Benjamin E. Dunbar (1776-1831) was my third great-grandfather. He spent most of his life in Massachusetts but relocated to Ohio shortly before he died.

More than twenty years ago, a spent a great deal of time researching his life. During those years I had the good fortune to collaborate with other genealogists who shared an interest in the Dunbar line.

Those relatives, my third cousins Ruby Prestly and Jayme Anderson, have since passed away. After their deaths, I focused on other ancestors.

This year I decided to revisit the Dunbar research. With all the databases available now, I hope I can learn more about Benjamin Dunbar’s life and family.

As good genealogists do, I must begin by reviewing documents I already have:

  1. Halifax, MA birth record for Benjamin Dunbar, son of Benjamin and Hannah, 1776.
  2. Chatham, MA land purchase, Fear (Dunbar) and John Ryder to Benjamin Dunbar, 1805.
  3. Chatham, MA marriage intention and marriage record, Benjamin Dunbar to Rhoda Hall, 1805.
  4. U. S. census records for Benjamin Dunbar’s household in 1810, 1820, and 1830.
  5. Chatham, MA birth registrations (1806-1827) for all but one of the children of Benjamin Dunbar and Rhoda Hall.
  6. War of 1812 service record for Benjamin Dunbar of Chatham, MA.
  7. History of Barnstable County by Simeon L. Deyo (1890) describing Benjamin Dunbar’s salt works.
  8. Chatham Town Records of Benjamin E. Dunbar registering as a Methodist (1824) and being appointed Constable (1828).
  9. Benjamin E. Dunbar FindAGrave memorial for Stow Cemetery, Stow, Ohio.
  10. Benjamin E. Dunbar probate file, Portage County, Ohio.

I seem to recall that I had another document pertaining to the disposal of Benjamin’s property in Massachusetts, but I cannot find it.

A close look at all these papers may reveal information I overlooked before. Even if it does not, it offers me a chance to re-familiarize myself with Benjamin’s life.

Once I do that, I can devise a research plan to look for more details. I have a several questions:

  1. Who was Benjamin’s mother? His birth record says simply “Hannah”. Was she Hannah Hathaway, as alleged in The Descendants of Robert Dunbar of Hingham, Massachusetts by Ann Theopold Chaplin (1992)?
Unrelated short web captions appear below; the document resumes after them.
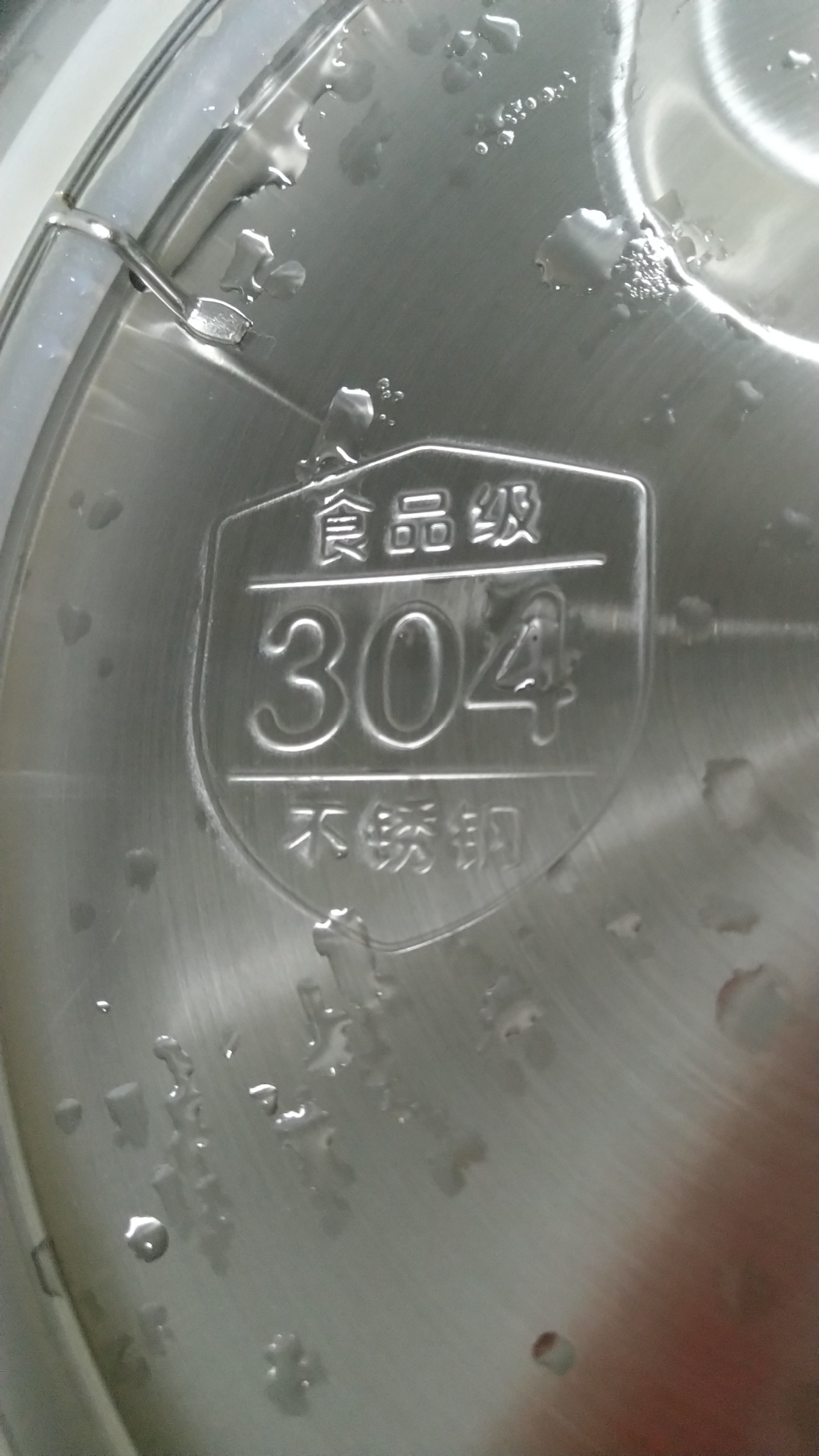 316不锈钢和304不锈钢哪种好?认准食品级,比这些数字重要得多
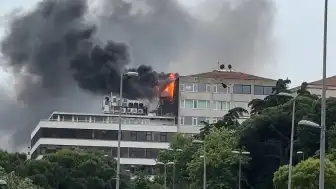 Beyoğlu'nda 5 Katlı Binada Çatı Yangını: Yaralı Yok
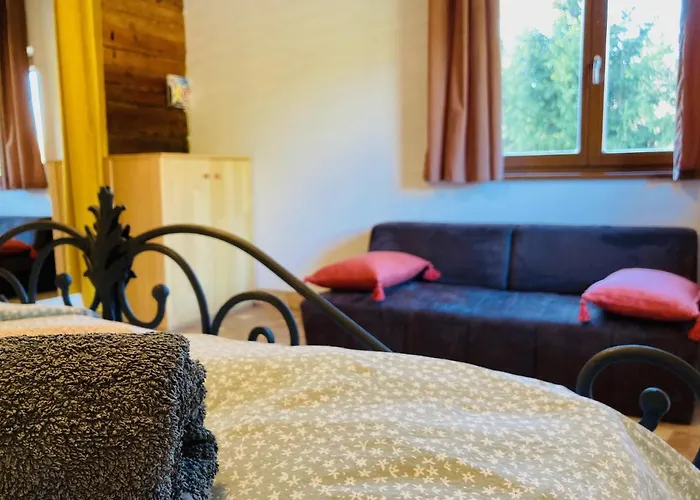 Дом отдыха Family House *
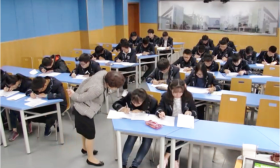 赞！一节化学课点击率450万
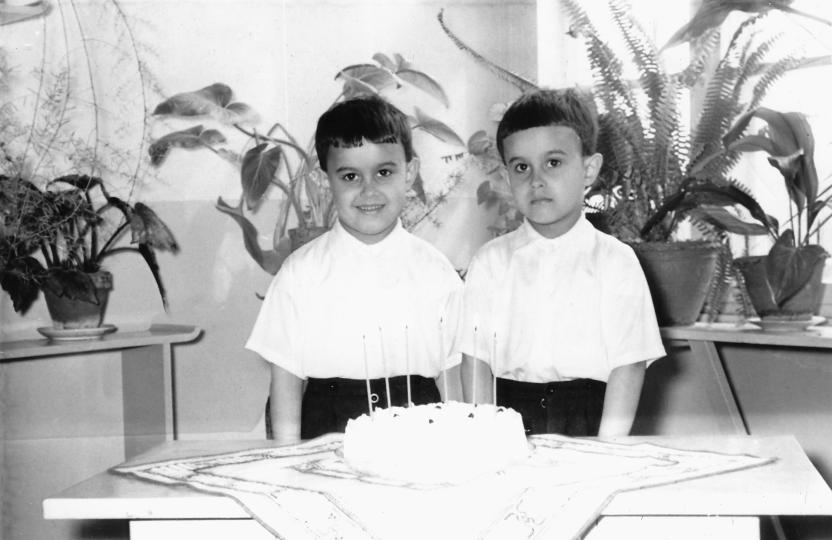 <p>Благовест и Светослав през 1964 г.&nbsp;</p>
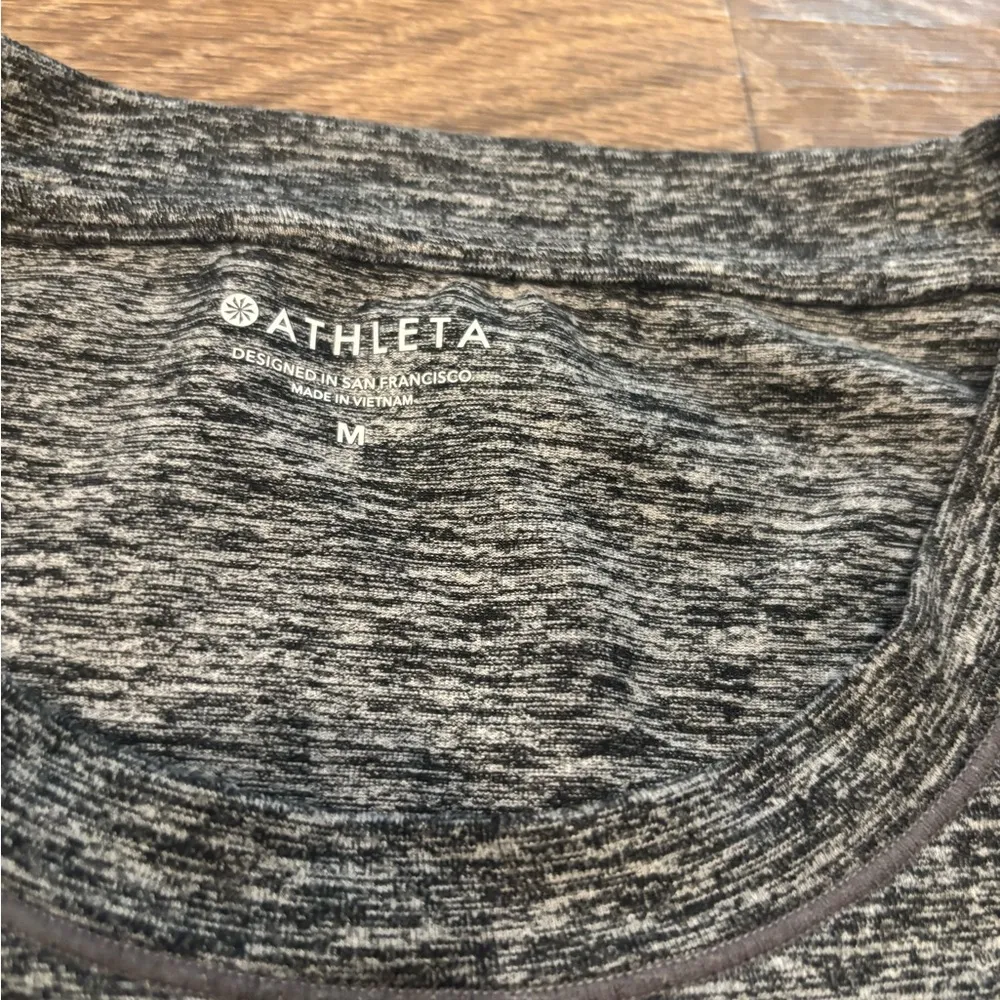 ATHLETA Uptempo Top - Women’s Medium -EUC - Image 4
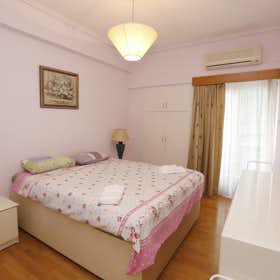WG-Zimmer for rent for 400 € per month in Athens, Marni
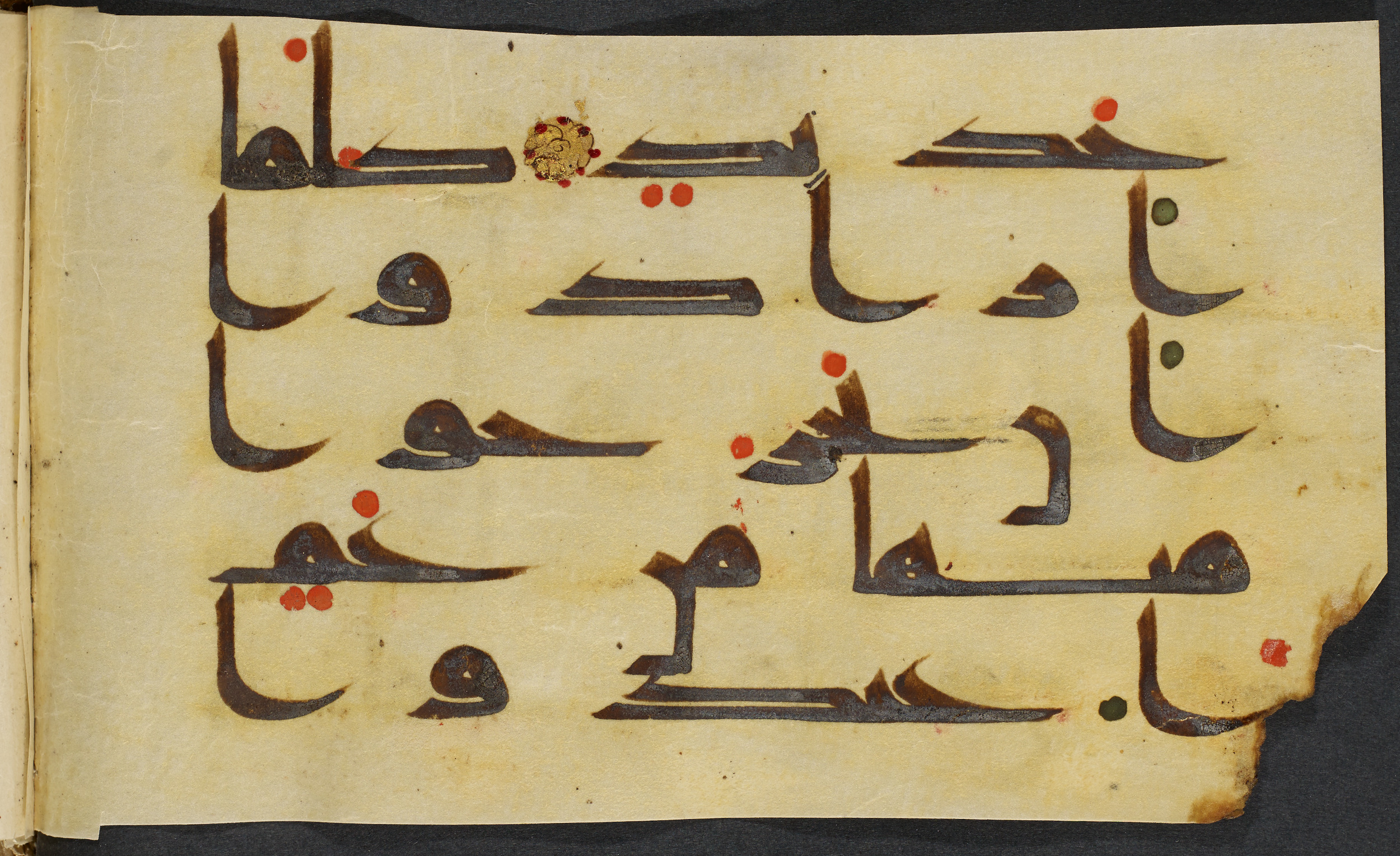 Copenhagen, Det Kongelige Bibliotek, Cod. Arab. 36 (Scan 4), in kūfī D.I script, showing Surah 22:21 from Mid 8th to Late 10th Century AD found in Egypt, currently housed at Det Kongelige Bibliotek (The Royal Library), Copenhagen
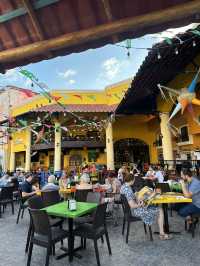 カンクン🇲🇽カラフルで可愛いレストラン🌮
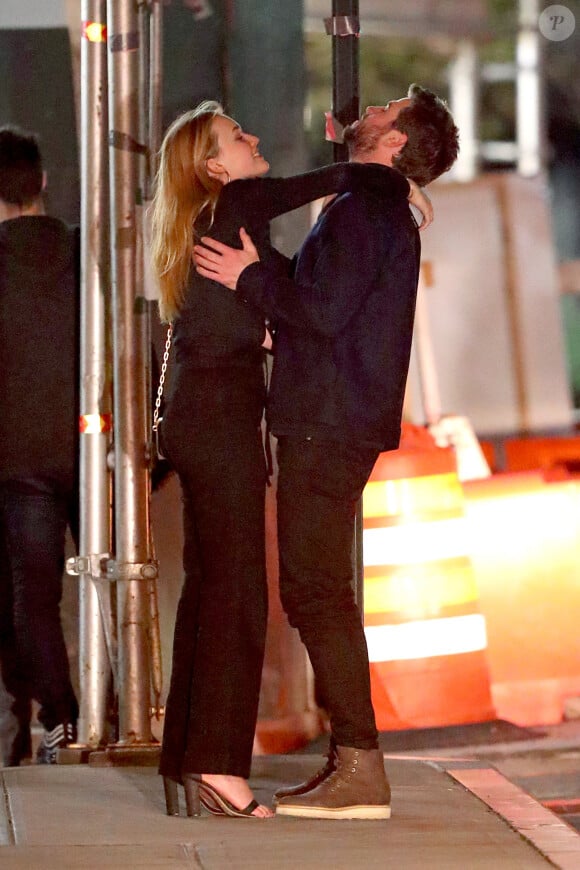 Exclusif - Liam Hemsworth et sa nouvelle compagne Maddison Brown se câlinent et s'embrassent dans les rues de New York. Les tourtereaux ont passé la soirée dans le bar The Flower Shop avant de rejoindre le 'Alley Cat Amateur Theatre', le 12 octobre 2019.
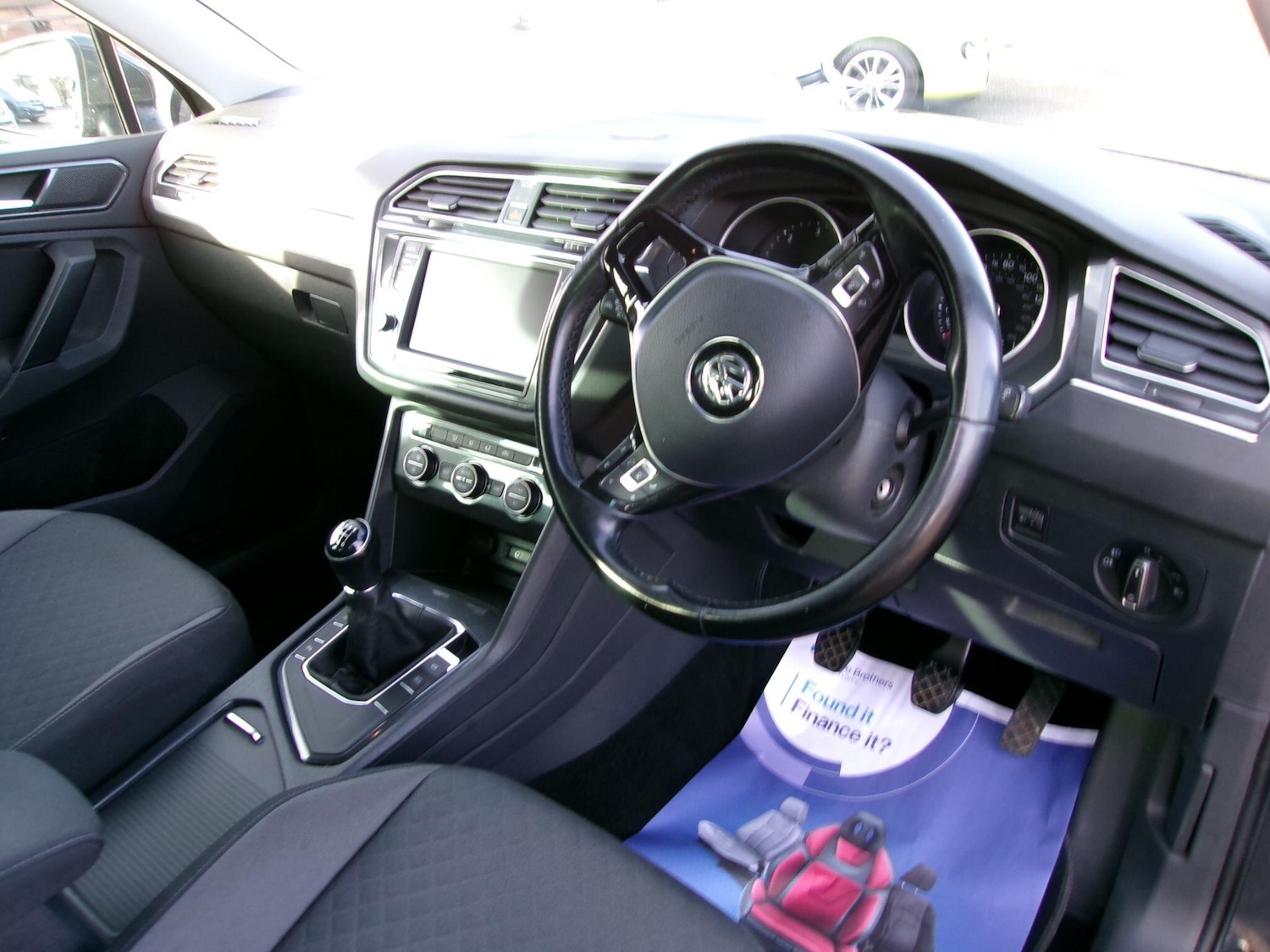 Used Volkswagen Tiguan 2017 for sale - 76572604: Photo 53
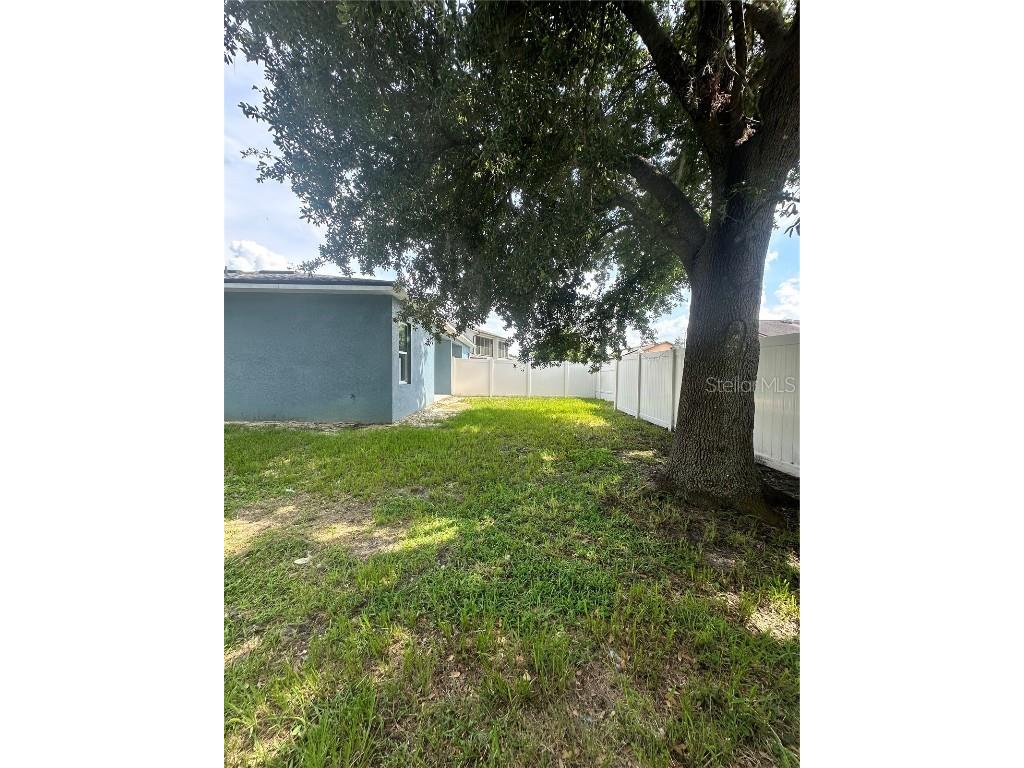 810 Glastonbury Dr Kissimmee FL 34758 S5130703 image4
Or was she the Hannah Latham claimed on several online trees?
  2. Did Benjamin’s mother remarry after his father died (bef. 1779 when Benjamin and his brother Hosea were just toddlers)? If so, did Benjamin have half-siblings?
  3. Where was Benjamin Dunbar’s youngest daughter Laura Ann Dunbar born?
  4. Where in Chatham was the salt works located, and who were the neighbors?
  5. Was Benjamin a sea captain? When I visited the museum in Chatham years ago, I spoke with a man who claimed that he was.

More information about Benjamin E. Dunbar begs to be discovered.

The Dunbars of Chatham

My ancestor Benjamin E. Dunbar (1776-1831) married Rhoda Hall (1784-1850) at Chatham, MA in 1805. I do not believe he was a native of Chatham.

According to our family history, The Descendants of Robert Dunbar of Hingham, Massachusetts by Ann Theopold Chaplin, he was born at Halifax in Plymouth County to Benjamin Dunbar and Hannah Hathaway. Other researchers disagree, saying his mother was Hannah Latham.

Regardless of his parentage, my Benjamin appeared in Chatham about the time he married Rhoda. Do the Chatham records contain any clues to the identity of his people?

Benjamin purchased Chatham land shortly before his marriage. The sellers were John Ryder and his wife Fear Dunbar.

I wondered if Benjamin was closely related to Fear. Perhaps this was a family transaction.

All the Massachusetts Dunbars descend from Robert Dunbar, so I decided to investigate the degree of kinship between Benjamin and Fear.

Using the family history mentioned above and the resources available on the American Ancestors database (, I learned that the lineage split early, and the two descended from separate sons of Robert. My Benjamin’s line was through Joseph Dunbar (1661/2-1725). Fear descended from a different child. They would have been distant cousins.

Nothing in the land transaction tells me that they knew one another before this sale. Perhaps a conveyance from one Dunbar to another was no more than a coincidence.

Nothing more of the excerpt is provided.